Obama: NASA Needs a Technological Breakthrough

The President answers a tweeted question on space policy (Image credit: whitehouse.gov)

Answering a question in a Twitter town hall meeting today, President Obama suggested spaceflight is stuck in the Apollo-era mode and said NASA needs a technological breakthrough to allow faster, longer spaceflight with a goal of getting astronauts to Mars.

"Frankly I have been pushing NASA to revamp its vision," Obama said. "The shuttle did some extraordinary work in low orbit: experiments, the International Space Station, moving cargo. It was an extraordinary accomplishment and we're very proud of the work that it did. But now what we need is that next technological breakthrough. [Video: See Obama's Full Comments]

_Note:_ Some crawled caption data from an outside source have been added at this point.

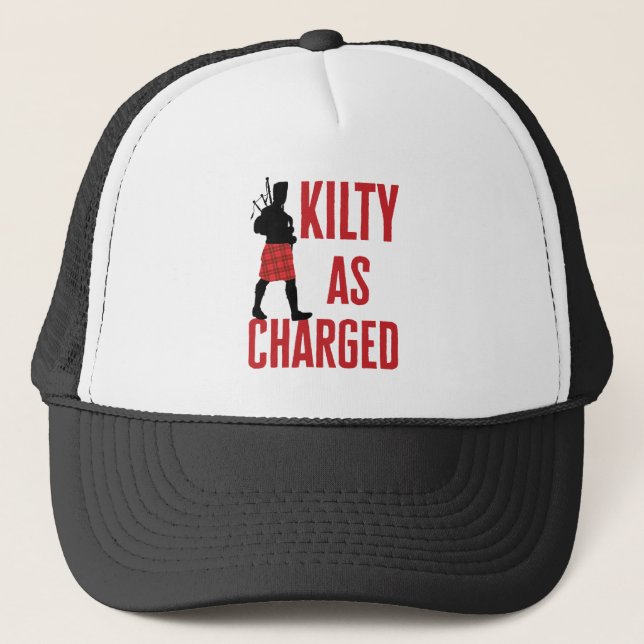 Kilty als Charge Funny Kilt Wearer Pun Joke Truckerkappe (Vorderseite)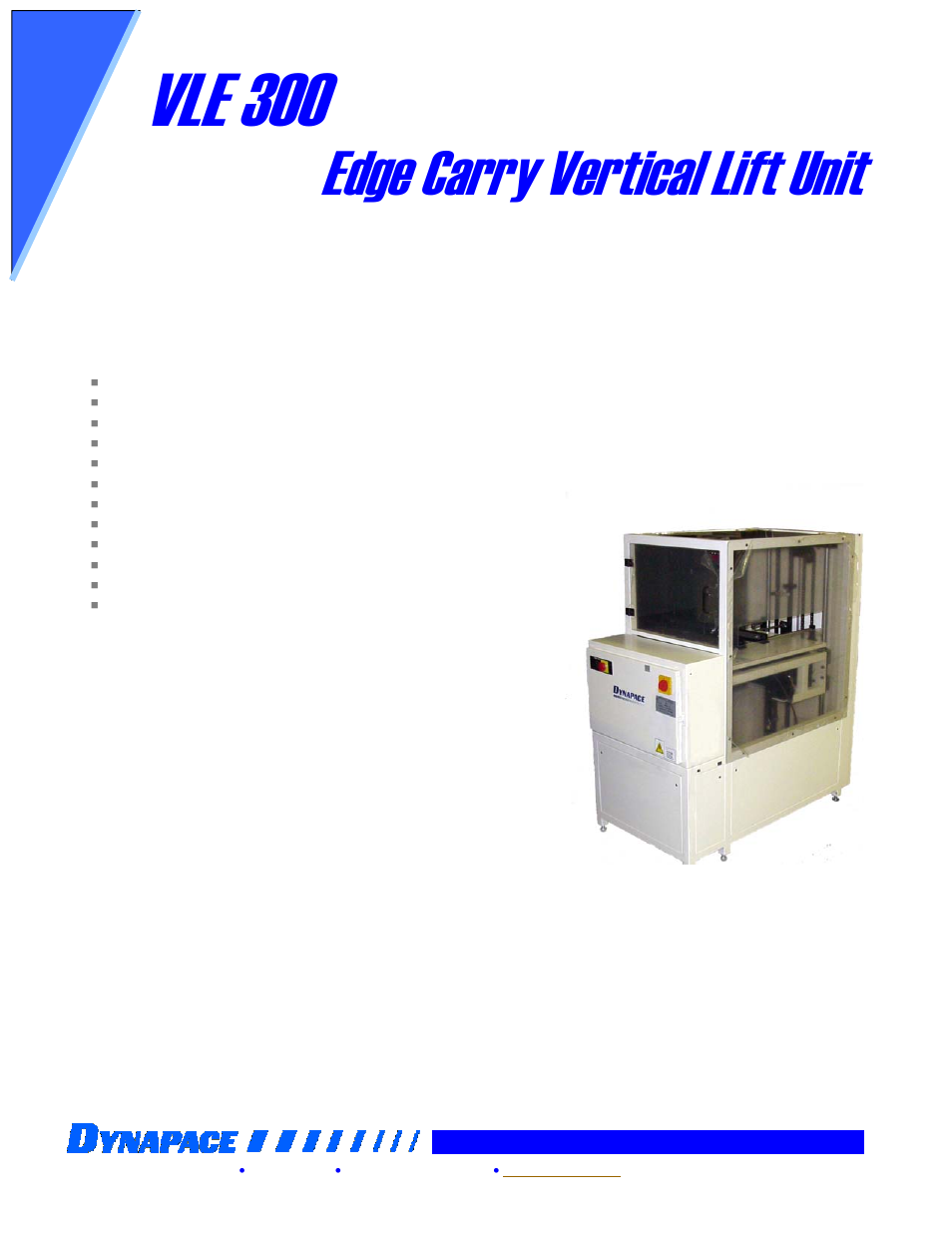 DYNAPACE Vertical Lift Unit User Manual | 1 page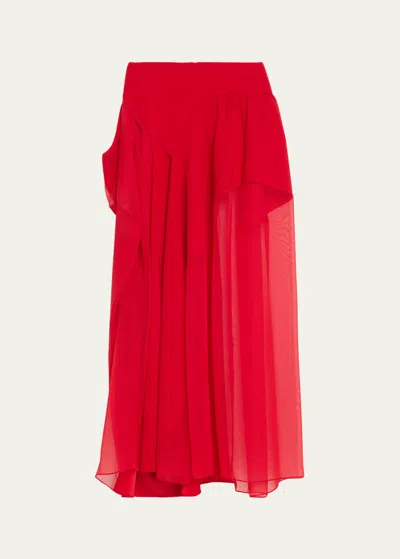 Ashlyn Claire Overlay Maxi Skirt In Red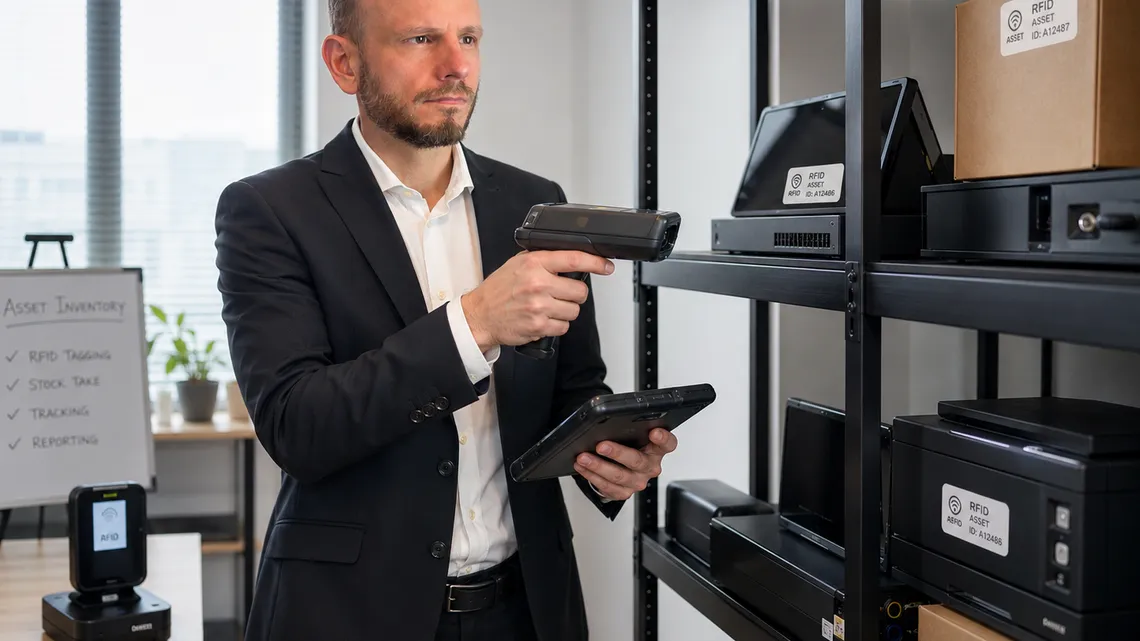 Pracownik skanuje sprzęt firmowy czytnikiem RFID podczas inwentaryzacji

"We’re still using the same models for space travel that we used with the Apollo program, 30, 40 years ago. And so what we've said is: Rather than keep on doing the same thing, let's invest in basic research around new technologies that can get us places faster, allow human spaceflight to last longer.  And what you're seeing now is NASA, I think, redefining its mission.

"We've set a goal: Let's ultimately get to Mars," the president said while fielding questions from Twitter users about the economy and other subjects. "A good pit stop is an asteroid." He joked that a specific asteroid has not been chosen.

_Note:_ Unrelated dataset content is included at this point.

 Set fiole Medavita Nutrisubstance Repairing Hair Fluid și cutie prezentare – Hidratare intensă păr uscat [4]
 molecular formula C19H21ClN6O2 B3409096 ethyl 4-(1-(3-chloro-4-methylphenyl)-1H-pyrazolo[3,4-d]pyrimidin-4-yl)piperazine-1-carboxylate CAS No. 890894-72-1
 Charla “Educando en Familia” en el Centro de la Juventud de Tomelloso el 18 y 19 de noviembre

Obama was clear in alluding to what some critics have said: NASA's human spaceflight program has been stuck flying circles around Earth for decades. [What Obama and Congress Should Do for Spaceflight and Exploration]

"Let's start stretching the boundaries so we’re not doing the same thing over and over again," he said. "Rather, let’s start thinking about what’s the next horizon? What’s the next frontier out there? But in order to do that, we’re actually going to need some technological breakthroughs that we don't have yet."

The president did not dismiss low-Earth orbit efforts, but put that responsibility on the shoulders of private enterprise. Let the private sector handle routine tasks of sending vehicles into Earth orbit, he said.

And he mentioned how that could, in time, lead to space tourism:

"We may be able to achieve a point in time where — those of you who are just dying to go into space — you can buy a ticket and a private carrier can potentially take you up there while the government focuses on the big breakthroughs that require much more larger investments and involve much greater risk."